## Dataset:
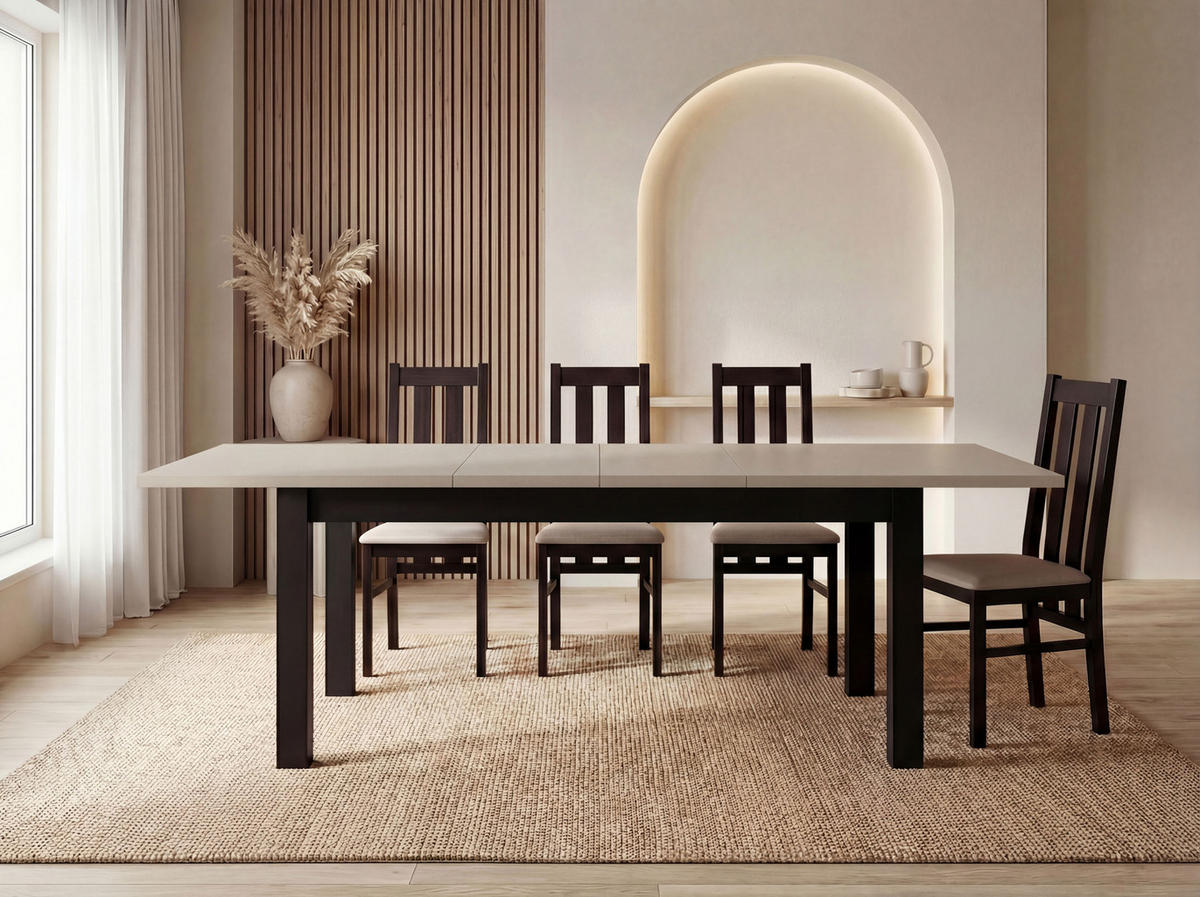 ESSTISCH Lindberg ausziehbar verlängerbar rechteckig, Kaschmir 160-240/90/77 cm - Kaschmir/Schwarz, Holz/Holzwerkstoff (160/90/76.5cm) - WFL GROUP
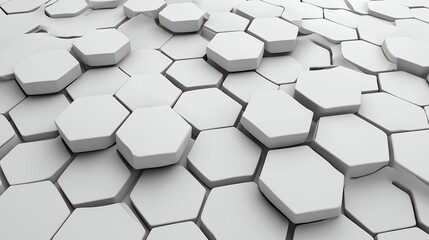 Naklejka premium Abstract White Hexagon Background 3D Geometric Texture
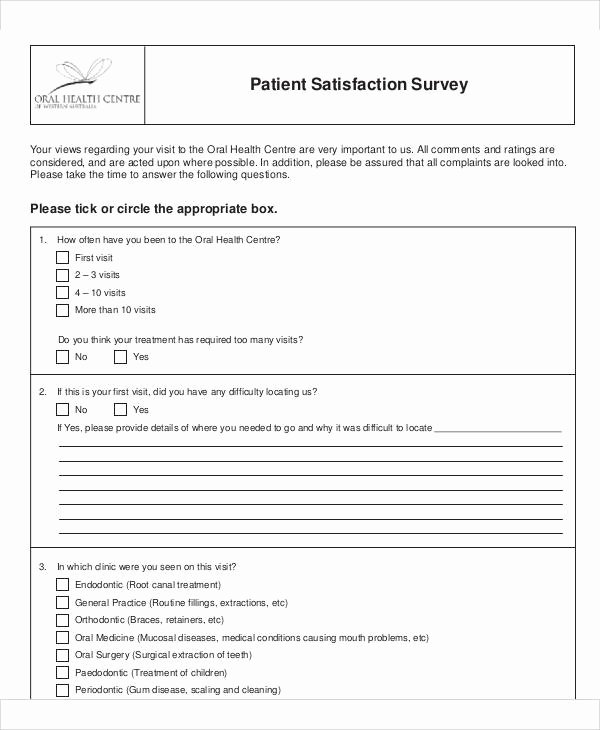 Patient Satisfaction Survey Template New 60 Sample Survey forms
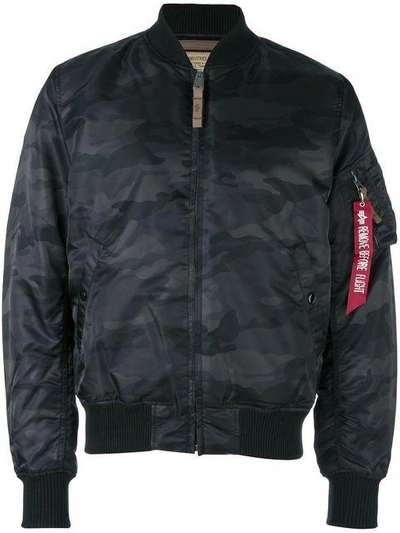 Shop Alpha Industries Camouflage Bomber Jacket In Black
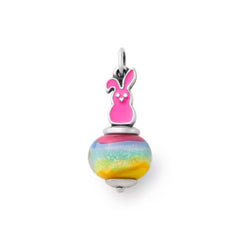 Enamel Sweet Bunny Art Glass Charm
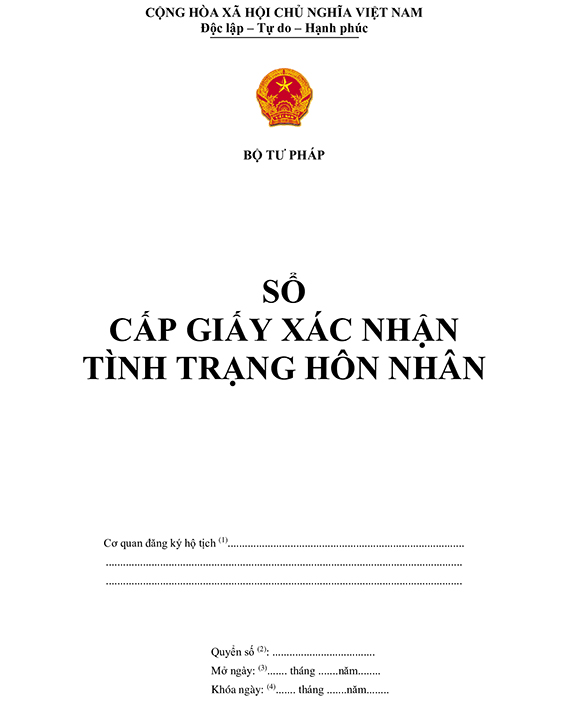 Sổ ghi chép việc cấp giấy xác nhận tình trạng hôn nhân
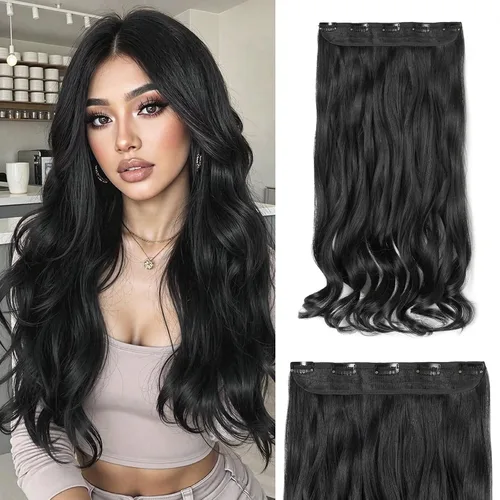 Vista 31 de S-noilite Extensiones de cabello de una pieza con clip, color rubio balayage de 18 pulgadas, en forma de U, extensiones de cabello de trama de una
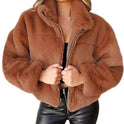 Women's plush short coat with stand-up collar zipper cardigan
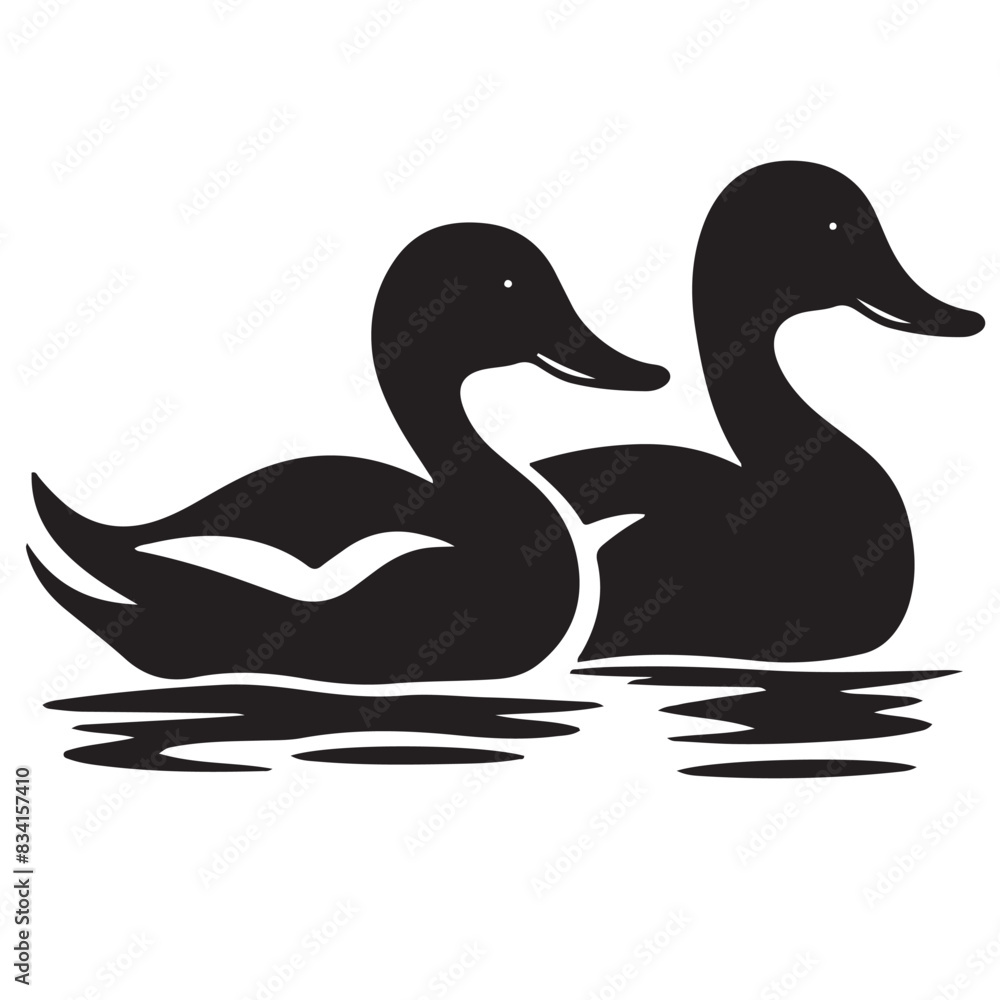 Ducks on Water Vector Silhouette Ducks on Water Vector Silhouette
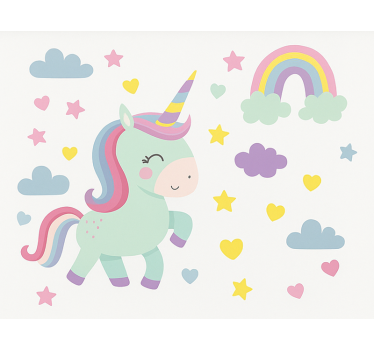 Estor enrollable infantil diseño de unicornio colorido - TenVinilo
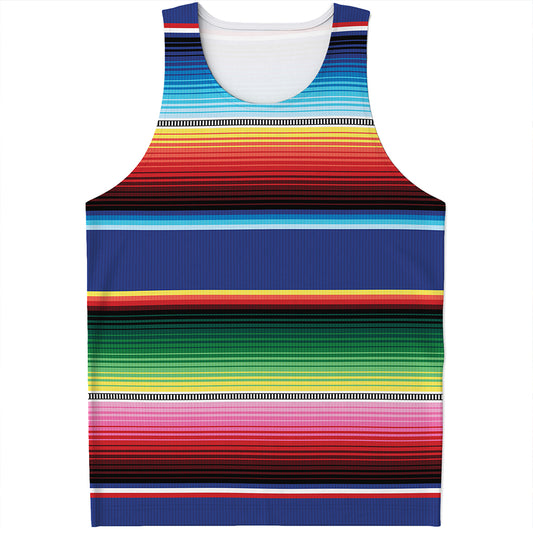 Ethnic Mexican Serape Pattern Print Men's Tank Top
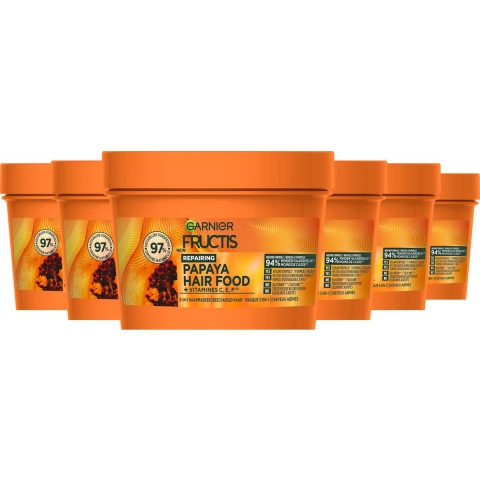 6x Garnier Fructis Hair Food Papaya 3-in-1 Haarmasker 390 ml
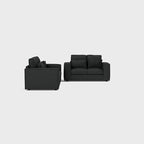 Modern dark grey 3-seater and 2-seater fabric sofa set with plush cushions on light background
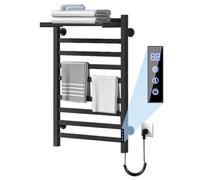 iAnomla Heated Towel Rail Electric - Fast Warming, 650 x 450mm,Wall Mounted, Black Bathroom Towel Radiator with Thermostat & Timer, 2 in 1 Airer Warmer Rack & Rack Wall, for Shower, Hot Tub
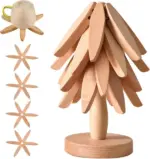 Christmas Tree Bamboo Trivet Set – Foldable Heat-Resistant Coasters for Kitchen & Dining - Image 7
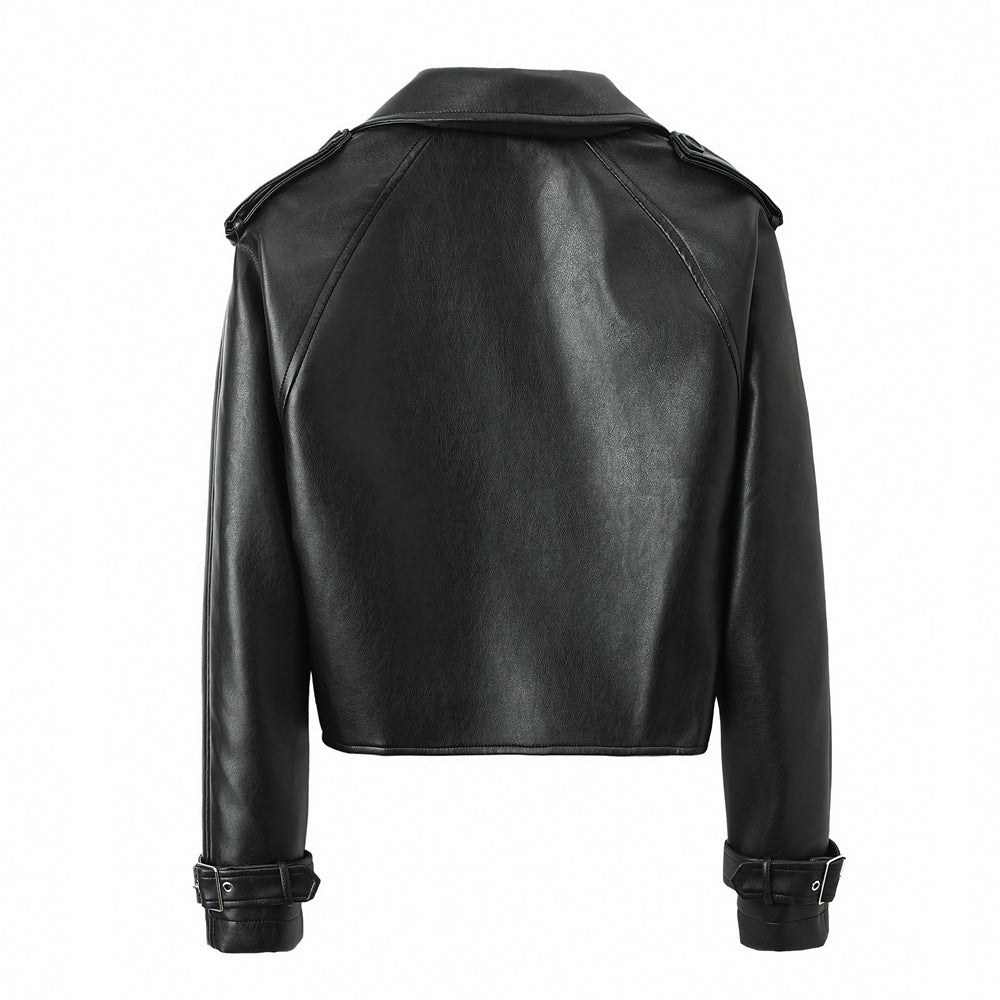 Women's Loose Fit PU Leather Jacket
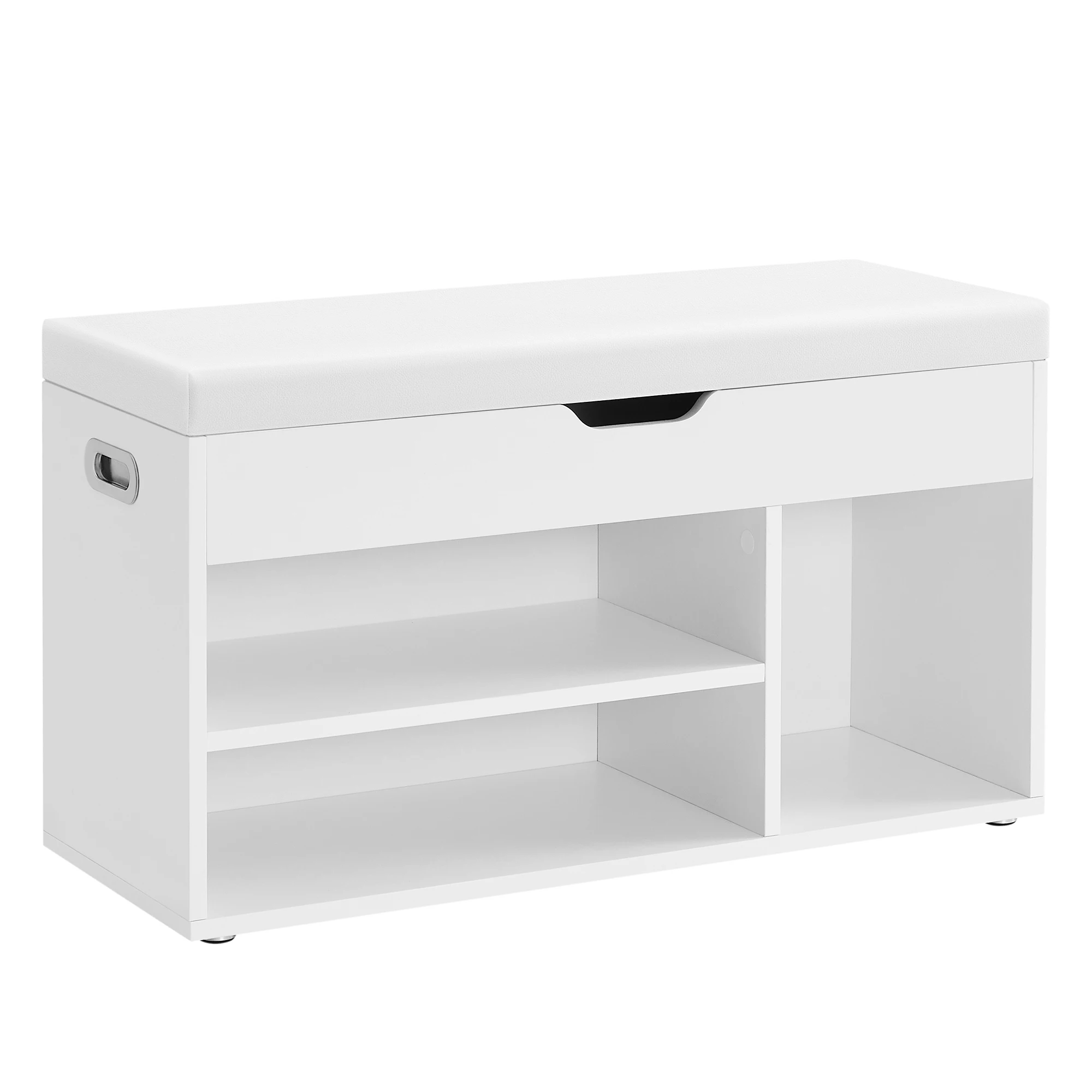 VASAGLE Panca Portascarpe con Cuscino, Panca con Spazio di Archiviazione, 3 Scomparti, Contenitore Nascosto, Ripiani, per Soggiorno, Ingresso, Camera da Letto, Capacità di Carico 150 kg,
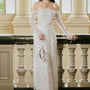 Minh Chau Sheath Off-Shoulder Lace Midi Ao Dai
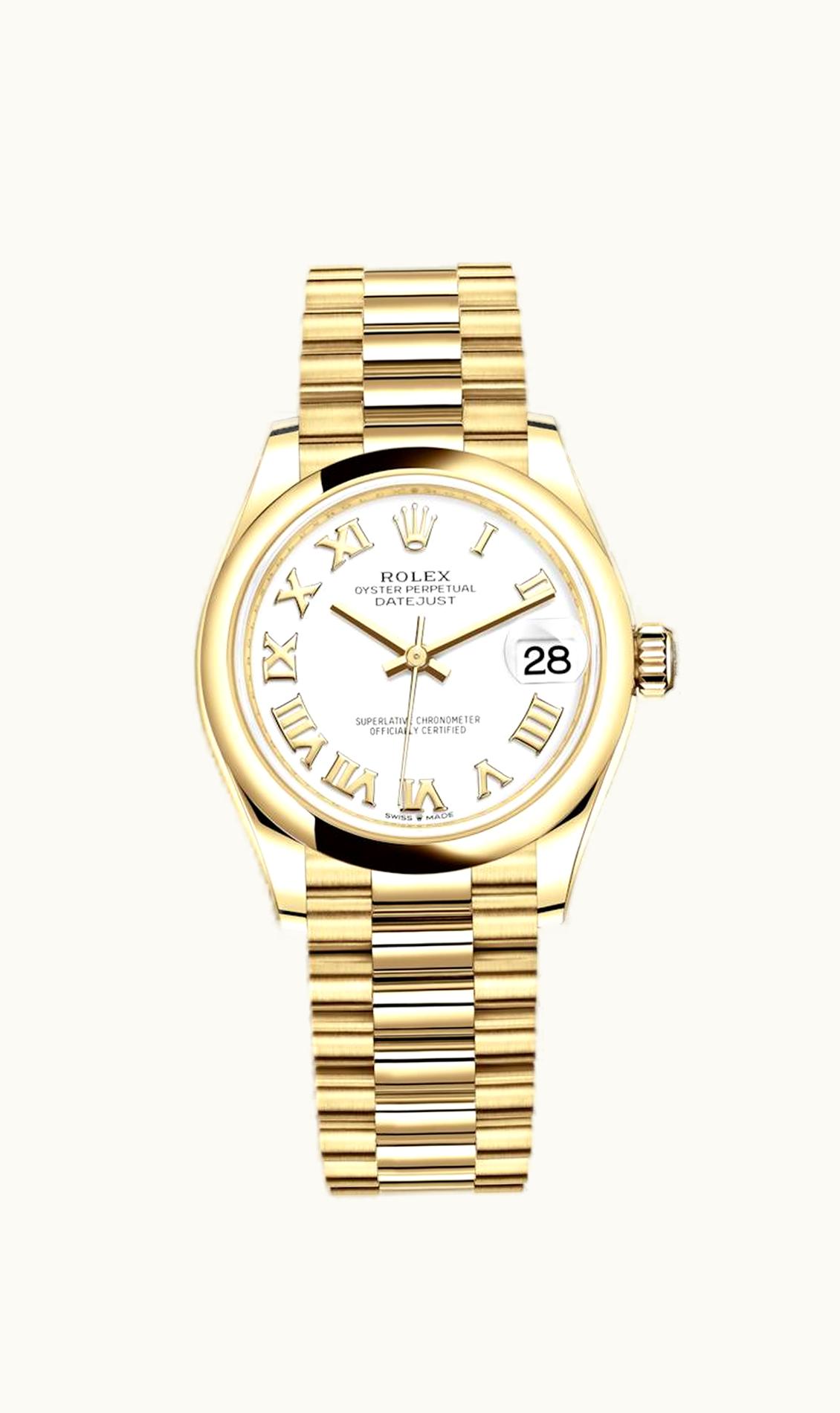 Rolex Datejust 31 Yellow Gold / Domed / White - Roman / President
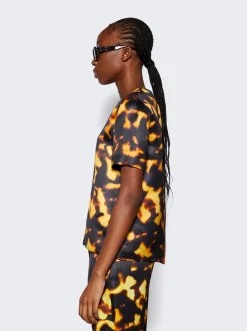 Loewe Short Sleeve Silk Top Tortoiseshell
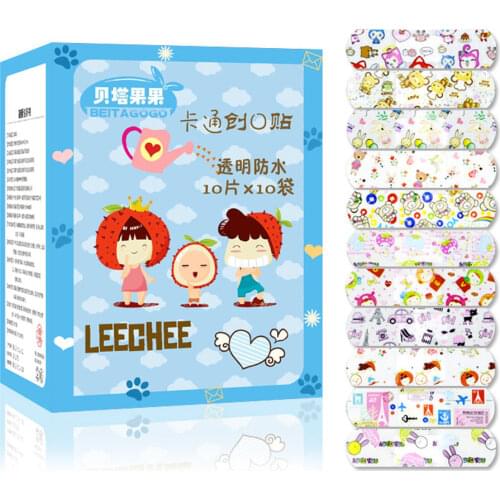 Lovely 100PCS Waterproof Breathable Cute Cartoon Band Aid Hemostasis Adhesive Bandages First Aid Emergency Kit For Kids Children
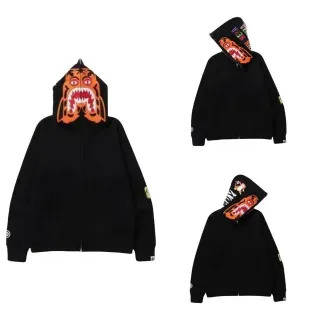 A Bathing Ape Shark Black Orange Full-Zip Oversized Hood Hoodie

## About this exercise:
Transcribe the listing above exactly, but only from the line with "Ducks on Water Vector Silhouette Ducks" through the line with "6x Garnier Fructis". Include both of those lines and omit the pictures.

## Solution to this problem:
 Ducks on Water Vector Silhouette Ducks on Water Vector Silhouette
 Estor enrollable infantil diseño de unicornio colorido - TenVinilo
 Ethnic Mexican Serape Pattern Print Men's Tank Top
 6x Garnier Fructis Hair Food Papaya 3-in-1 Haarmasker 390 ml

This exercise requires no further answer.